The Government of India will notify the rules for recently passed Digital Personal Data Protection Act (DPDP Act) and the Data Protection Board will be constituted in the next 30 days, Union Minister for State for Skill Development & Entrepreneurship and Electronics & IT Rajeev Chandrashekhar said.
Speaking at the first Digital India Dialogue discussions with key stakeholders from the industry for the DPDP Act, Chandrashekhar said the primary purpose of this law is to guarantee the trust and safety of all digital nagriks, emphasising that all data fiduciaries must adhere to the law. He further assured that the Government is open to considering valid arguments for extending the compliance period when accompanied by compelling reasons.

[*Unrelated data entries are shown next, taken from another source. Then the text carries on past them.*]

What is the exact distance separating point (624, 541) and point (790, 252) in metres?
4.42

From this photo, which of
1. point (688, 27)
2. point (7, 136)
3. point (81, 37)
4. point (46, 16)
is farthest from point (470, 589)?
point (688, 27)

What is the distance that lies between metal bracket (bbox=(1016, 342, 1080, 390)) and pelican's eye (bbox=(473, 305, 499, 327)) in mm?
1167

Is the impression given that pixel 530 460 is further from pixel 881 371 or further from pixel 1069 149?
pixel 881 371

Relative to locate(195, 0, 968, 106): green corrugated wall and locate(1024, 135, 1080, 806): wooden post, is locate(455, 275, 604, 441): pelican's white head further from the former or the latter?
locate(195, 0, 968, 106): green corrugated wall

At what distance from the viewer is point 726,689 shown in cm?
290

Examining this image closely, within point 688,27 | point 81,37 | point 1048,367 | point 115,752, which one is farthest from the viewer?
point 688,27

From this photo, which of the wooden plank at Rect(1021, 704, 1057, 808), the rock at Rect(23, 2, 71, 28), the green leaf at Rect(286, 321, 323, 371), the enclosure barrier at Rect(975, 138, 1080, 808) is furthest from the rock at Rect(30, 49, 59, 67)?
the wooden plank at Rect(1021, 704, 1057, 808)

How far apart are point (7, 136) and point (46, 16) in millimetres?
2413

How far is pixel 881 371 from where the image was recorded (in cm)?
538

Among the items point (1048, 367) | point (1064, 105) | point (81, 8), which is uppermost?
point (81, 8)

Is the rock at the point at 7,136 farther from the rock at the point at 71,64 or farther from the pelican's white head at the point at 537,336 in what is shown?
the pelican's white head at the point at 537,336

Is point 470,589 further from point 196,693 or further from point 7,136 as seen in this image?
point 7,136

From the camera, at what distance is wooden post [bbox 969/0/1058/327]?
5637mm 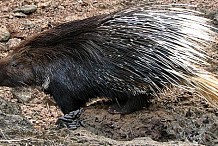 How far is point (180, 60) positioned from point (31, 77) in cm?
124

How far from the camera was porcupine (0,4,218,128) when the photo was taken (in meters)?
4.05

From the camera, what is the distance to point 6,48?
6016mm

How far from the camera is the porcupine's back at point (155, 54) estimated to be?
13.2ft

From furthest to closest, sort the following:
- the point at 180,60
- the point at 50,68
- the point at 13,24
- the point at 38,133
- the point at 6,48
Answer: the point at 13,24 < the point at 6,48 < the point at 50,68 < the point at 180,60 < the point at 38,133

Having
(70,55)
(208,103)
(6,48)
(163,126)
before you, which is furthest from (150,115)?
(6,48)

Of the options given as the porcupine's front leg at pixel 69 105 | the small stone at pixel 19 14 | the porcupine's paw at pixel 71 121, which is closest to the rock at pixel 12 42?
the small stone at pixel 19 14

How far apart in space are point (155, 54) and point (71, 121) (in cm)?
81

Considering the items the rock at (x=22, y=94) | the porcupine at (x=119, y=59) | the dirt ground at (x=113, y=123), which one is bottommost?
the rock at (x=22, y=94)

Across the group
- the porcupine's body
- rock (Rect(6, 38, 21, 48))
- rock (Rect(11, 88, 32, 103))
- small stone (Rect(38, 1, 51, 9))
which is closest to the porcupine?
the porcupine's body

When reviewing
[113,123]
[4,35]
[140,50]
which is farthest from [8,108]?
[4,35]

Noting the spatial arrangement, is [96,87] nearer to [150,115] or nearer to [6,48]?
[150,115]

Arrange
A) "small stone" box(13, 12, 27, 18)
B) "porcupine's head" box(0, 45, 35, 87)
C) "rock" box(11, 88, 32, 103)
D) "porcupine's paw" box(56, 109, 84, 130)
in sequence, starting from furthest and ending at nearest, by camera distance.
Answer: "small stone" box(13, 12, 27, 18) < "rock" box(11, 88, 32, 103) < "porcupine's head" box(0, 45, 35, 87) < "porcupine's paw" box(56, 109, 84, 130)

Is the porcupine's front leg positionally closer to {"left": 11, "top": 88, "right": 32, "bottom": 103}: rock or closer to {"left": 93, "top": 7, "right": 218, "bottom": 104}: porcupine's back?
{"left": 93, "top": 7, "right": 218, "bottom": 104}: porcupine's back

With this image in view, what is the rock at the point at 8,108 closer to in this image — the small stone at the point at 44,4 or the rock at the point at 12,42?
the rock at the point at 12,42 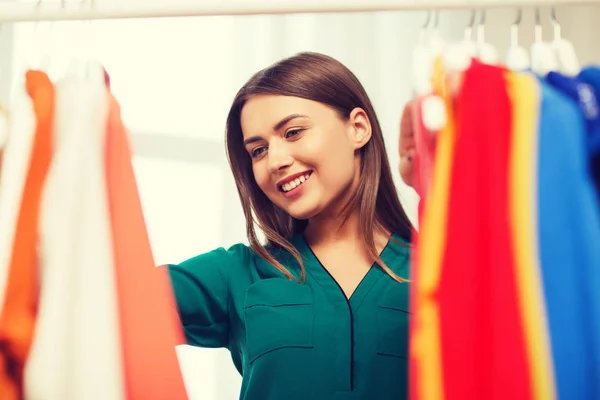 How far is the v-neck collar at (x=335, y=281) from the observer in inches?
37.4

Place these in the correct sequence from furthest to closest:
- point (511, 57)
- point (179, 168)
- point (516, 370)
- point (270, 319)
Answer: point (179, 168), point (270, 319), point (511, 57), point (516, 370)

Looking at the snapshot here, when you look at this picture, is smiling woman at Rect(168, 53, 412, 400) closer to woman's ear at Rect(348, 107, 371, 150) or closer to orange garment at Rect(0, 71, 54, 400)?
woman's ear at Rect(348, 107, 371, 150)

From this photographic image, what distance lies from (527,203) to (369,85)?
109 centimetres

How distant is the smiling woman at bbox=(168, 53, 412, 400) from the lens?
0.92 m

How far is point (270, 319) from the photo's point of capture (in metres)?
0.94

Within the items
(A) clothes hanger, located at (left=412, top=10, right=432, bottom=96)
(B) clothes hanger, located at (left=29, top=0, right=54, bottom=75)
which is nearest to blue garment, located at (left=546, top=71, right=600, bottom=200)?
(A) clothes hanger, located at (left=412, top=10, right=432, bottom=96)

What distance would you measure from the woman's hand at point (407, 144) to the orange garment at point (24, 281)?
42cm

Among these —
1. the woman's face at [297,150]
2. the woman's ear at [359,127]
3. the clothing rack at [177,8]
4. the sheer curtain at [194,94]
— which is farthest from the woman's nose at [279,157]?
the sheer curtain at [194,94]

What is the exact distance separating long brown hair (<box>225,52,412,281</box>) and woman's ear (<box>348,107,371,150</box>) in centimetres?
1

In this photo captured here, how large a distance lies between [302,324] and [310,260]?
0.40 ft

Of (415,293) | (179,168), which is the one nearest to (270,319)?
(415,293)

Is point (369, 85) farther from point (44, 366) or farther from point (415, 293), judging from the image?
point (44, 366)

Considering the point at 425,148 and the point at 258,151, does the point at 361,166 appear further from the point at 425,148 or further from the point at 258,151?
the point at 425,148

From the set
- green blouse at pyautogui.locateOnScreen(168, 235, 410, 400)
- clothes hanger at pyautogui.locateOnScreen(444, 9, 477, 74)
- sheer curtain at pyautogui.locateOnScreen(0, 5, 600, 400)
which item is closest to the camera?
clothes hanger at pyautogui.locateOnScreen(444, 9, 477, 74) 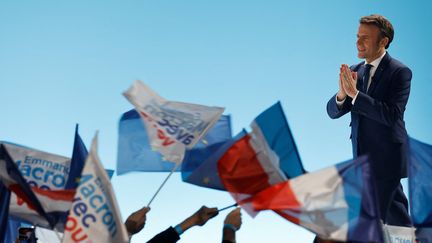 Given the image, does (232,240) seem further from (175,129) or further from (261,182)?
(175,129)

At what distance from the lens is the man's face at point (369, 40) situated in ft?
32.7

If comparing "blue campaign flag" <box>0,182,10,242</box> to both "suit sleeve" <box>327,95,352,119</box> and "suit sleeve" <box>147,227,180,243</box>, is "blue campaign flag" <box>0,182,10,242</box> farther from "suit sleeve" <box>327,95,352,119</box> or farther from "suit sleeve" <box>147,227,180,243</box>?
"suit sleeve" <box>327,95,352,119</box>

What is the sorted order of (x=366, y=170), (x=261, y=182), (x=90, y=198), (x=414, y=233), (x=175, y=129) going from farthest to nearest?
(x=414, y=233) < (x=175, y=129) < (x=261, y=182) < (x=366, y=170) < (x=90, y=198)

Chandrashekhar added that establishments like hospitals and certain businesses like startups and MSMEs that handle people’s data do not have experience in handling data like bigger fiduciaries and hence, might get more time to adhere to these rules.
Talking about the companies who already follow GDPR (European Union’s General Data Protection Regulation), he said that they shouldn’t ask for an extension to implement rules under the DPDP Act. “We are now in the phase of implementing these rules, and it should happen smoothly and quickly. The goal is to create a culture of trust, a behavioural change among all who deal with personal data and create the change required to make them do it responsibly and in alignment with the trust that the data principle has agreed to. This is a deterrent act, it is supposed to create good behaviour,” the Minister added.
The discussion was on the transition time needed for specific clauses of the DPDP Act and to seek specific inputs from stakeholders on the implementation. More than 100 diverse range of stakeholders of the technology ecosystem including industry associations, startups, IT professionals, think tanks and lawyers attended the session.